AIM OF THE TASK →
Leaving out every picture, copy the lines of the data exactly, from the first through the line containing "Portrait von zwei".

MATERIAL FOR THIS EXERCISE →

#####

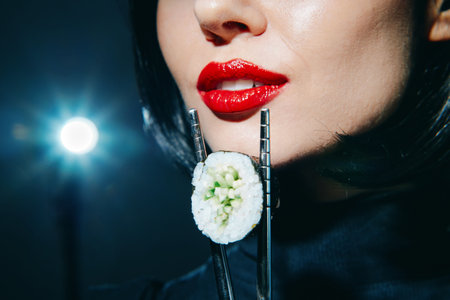 Elegant woman with red lips holding sushi on chopsticks against a dark background, showcasing a glamorous food concept and modern lifestyle.の写真素材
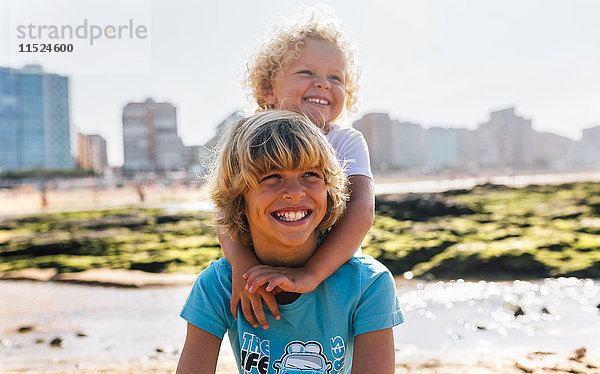 Portrait von zwei glücklichen Brüdern am Strand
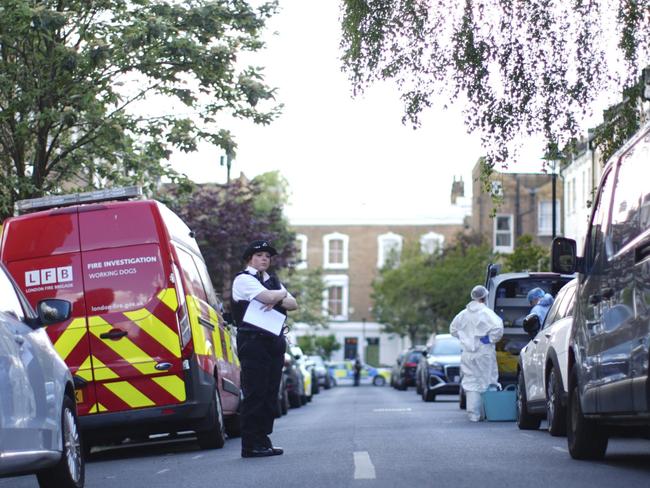 A police officer is seen in Kentish Town, near British Prime Minister Keir Starmer's house in north London, Monday, May 12, 2025. (James Manning/PA via AP)
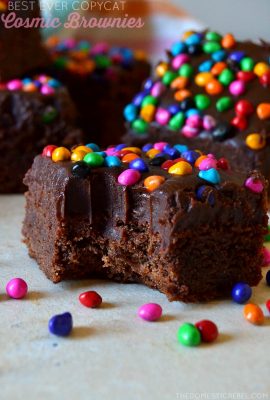 These Copycat Cosmic Brownies are the BEST EVER! Super fudgy, chewy and gooey with a rich chocolate flavor and an addictive chocolate ganache frosting! Tastes like childhood but BETTER and they're so easy to make!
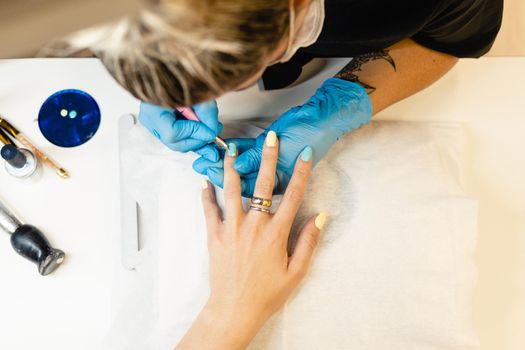 Close-up of Beautician painting her client's nails in blue and yellow nail varnish in a beauty centre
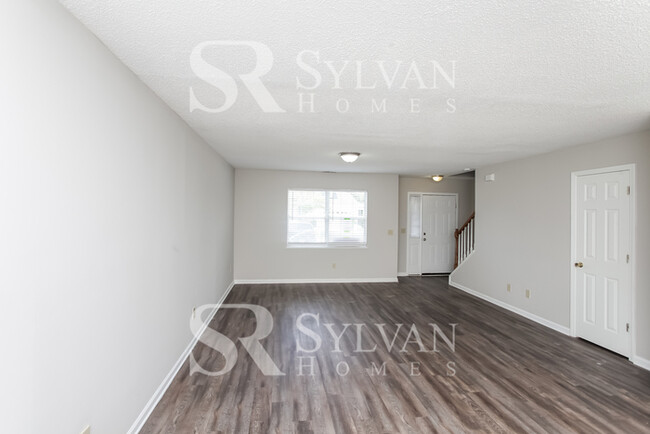 Building Photo - Step into this captivating 4-bedroom, 2.5-...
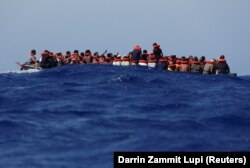 Mintegy 89 migráns egy fából készült csónakban várja a kimentését. A műveletben a Sea-Watch 3 német nem kormányzati migránsmentő hajó és az olasz parti őrség közösen vett részt, mintegy 63 tengeri mérföldre Lampedusa olasz szigettől délre, a Földközi-tenger nyugati részén, 2021. augusztus 2-án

#####

RESULT OF THIS TASK →
 Elegant woman with red lips holding sushi on chopsticks against a dark background, showcasing a glamorous food concept and modern lifestyle.の写真素材
 Portrait von zwei glücklichen Brüdern am Strand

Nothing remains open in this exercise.